Marine Buissonnière, secrétaire générale du Bureau international de MSF, souligne l’ensemble les préjugés sociaux, politiques et culturels qui teintent l’organisation lors d’un entretien pour le journal interne de MSF France en avril 2005 :  

« La qualité de nos opérations souffre parfois de préjugés que nous véhiculons au sein même de MSF. Je pense par exemple aux réticences que certains ont eu à introduire les ARV [thérapies antirétrovirales] dans les programmes sida, au temps que nous avons mis à aborder la question de la prise en charge de la douleur de nos patients ou encore à apporter une attention spécifique aux violences faites aux femmes dans certains contextes de guerre.
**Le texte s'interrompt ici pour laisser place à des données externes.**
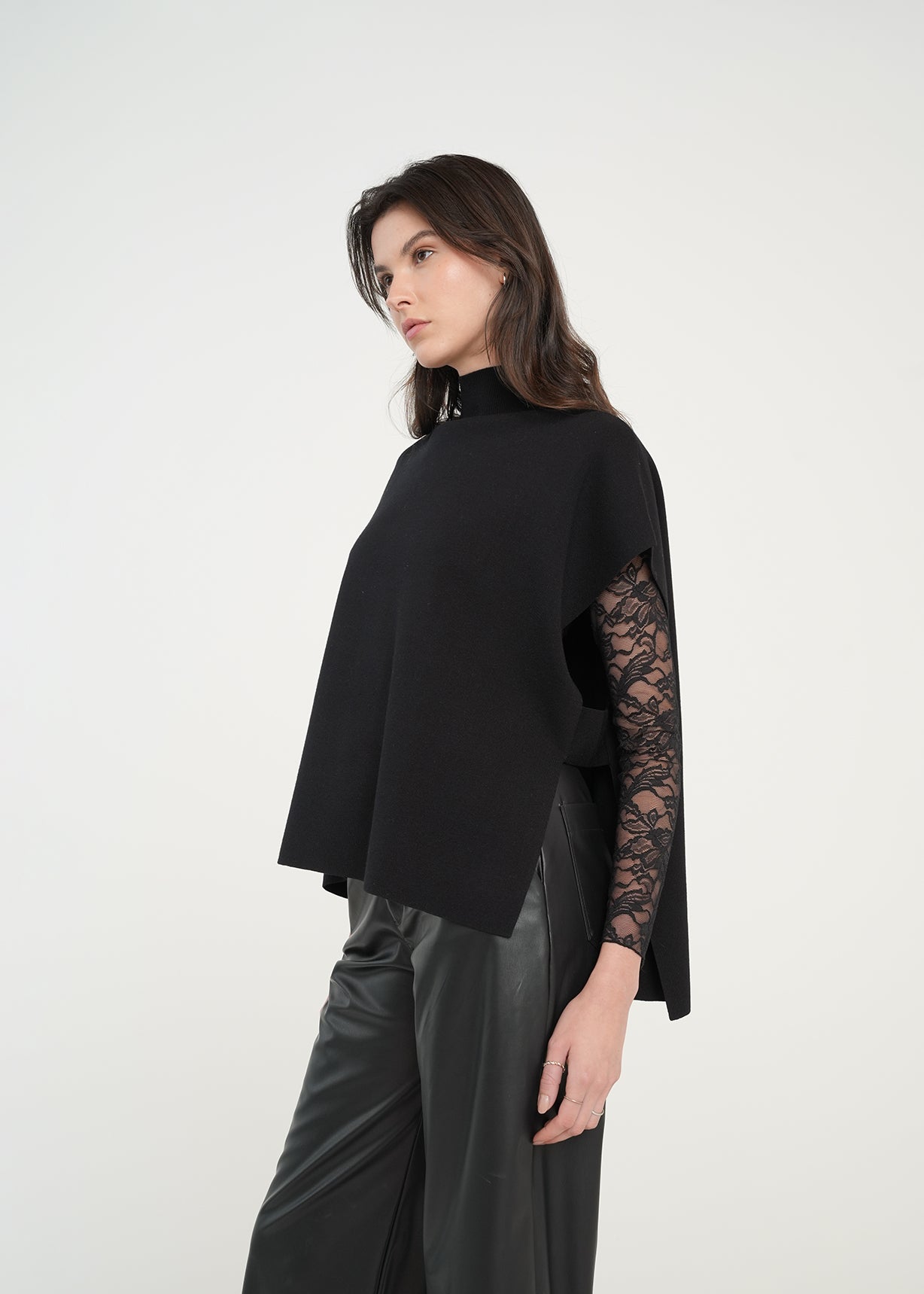 Camisa tejida tipo capa - Negro 14_081H047_NEG193909_3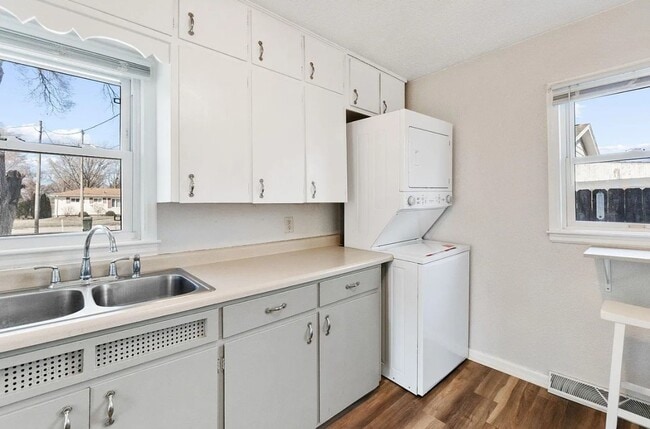 Building Photo - 1 Bed 1 Bath House for Rent! *** 1/2 off 1...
Enfin, la question de notre personnel national et le peu de place qui lui est effectivement faite dans MSF (en termes de prise de responsabilité), relève selon moi de préjugés discriminatoires qui nuisent à l’efficacité de notre travail car ils entraînent une mauvaise utilisation des ressources humaines disponibles, alors que nous savons tous que la pénurie de personnes compétentes est la principale limite à la qualité de notre action sur le terrain((Entretien avec Marine Buissonnière, Contact, p. 4.))». 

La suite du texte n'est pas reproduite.